Compute Google's PageRank 5 Times Faster

← Back to Stories (view on slashdot.org)

Compute Google's PageRank 5 Times Faster

Posted by timothy on Wednesday May 14, 2003 @09:57AM from the hypercustom dept.

Kimberley Burchett writes "CS researchers at Stanford University have developed three new techniques that together could speed up Google's PageRank calculations by a factor of five. An article at ScienceBlog theorizes that "The speed-ups to Google's method may make it realistic to calculate page rankings personalized for an individual's interests or customized to a particular topic.""

9 of 140 comments (clear)

Min score:

Reason:

Sort:

Re:Lets see... by Anonymous Coward · 2003-05-14 10:11 · Score: 5, Informative

RTA. PageRankings are computed in advance and take several days. A 5x increase in speed means specialized rankings could be computed.
Re:Charge for it by ahaning · 2003-05-14 10:23 · Score: 4, Informative

But, didn't Google originate out of Stanford? Isn't it reasonable to think that the two are still pretty friendly?

(Don't you hate it when people speak in questions? Don't you? Huh?)

--
Withdrawal before climax is very ineffective and those who try this are usually called "parents."
Printer-Friendly by g00set · 2003-05-14 10:34 · Score: 2, Informative

Printer friendly version here

--
... and furthermore ... I don't like your trousers.
Re:Lets see... by jesser · 2003-05-14 10:40 · Score: 4, Informative

Google Search doesn't show hits exactly in the order of page rank. Relevance and other factors also affect order. My biggest page (the one that is my Slashdot URL) is PR7, but there are words on the page for which a lower-rank page beats me, because they're more relevant for that word. Relevance includes how many times the word appears on the page, the HTML context in which it is used, whether pages that link link using the search terms, and the order and nearness of the words in a multi-word search without quotes.

--
The shareholder is always right.
Re:Charge for it by pldms · 2003-05-14 10:43 · Score: 3, Informative

But, didn't Google originate out of Stanford?

Yep. Originally called Backrub, curiously.

--
Slashdot looked deep within my soul and assigned
me a number based on the order in which I joined
Sepandar Rules! by ChadN · 2003-05-14 11:22 · Score: 3, Informative

I studied under the SCCM program at Stanford, and started the same year as Sepandar Kamvar. I remember him as a great guy, very smart, and an EXCEPTIONALLY good speaker and tutor (I was always pestering him for explanations of the week's lectures).

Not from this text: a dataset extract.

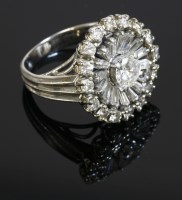 Lot 519 - A diamond set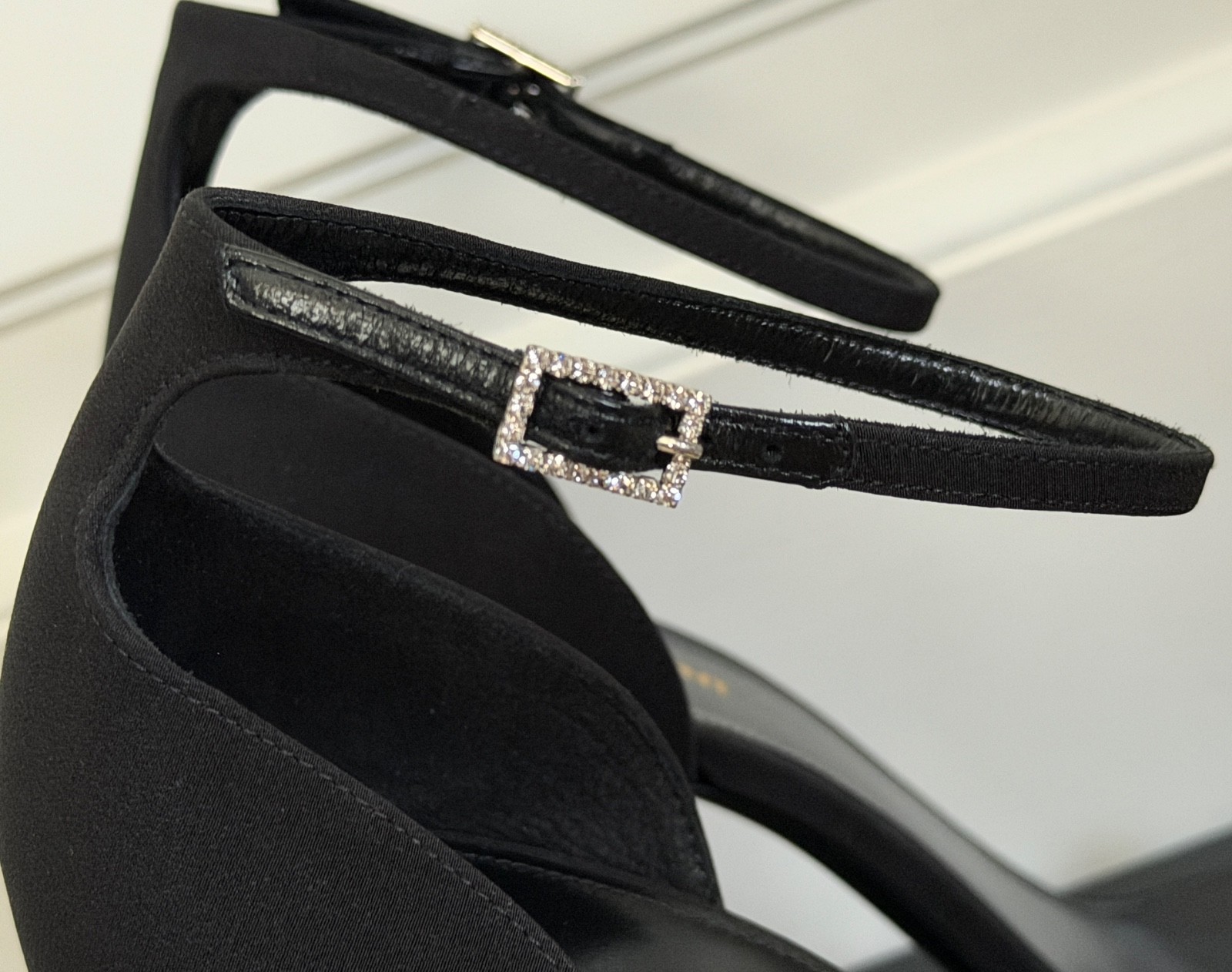 NIB Saint Laurent Opyum YSL Logo Crystal Silk Strappy Sandals Pumps 42 12 $2450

I'm glad to hear his research is getting attention, and I hope others who are interested in the theoretical aspects of data mining and web search engines will take a look at the SCCM and statistics programs at Stanford (shameless plug - other can post pointers to similar programs).

--
"It's overkill, of course. But you can never have too much overkill." - Anonymous Slashdot Coward
Licensed under U.S. Patent 4,558,302 by yerricde · 2003-05-14 11:55 · Score: 2, Informative

I can't remember the last time I paid Unisys for using a GIF...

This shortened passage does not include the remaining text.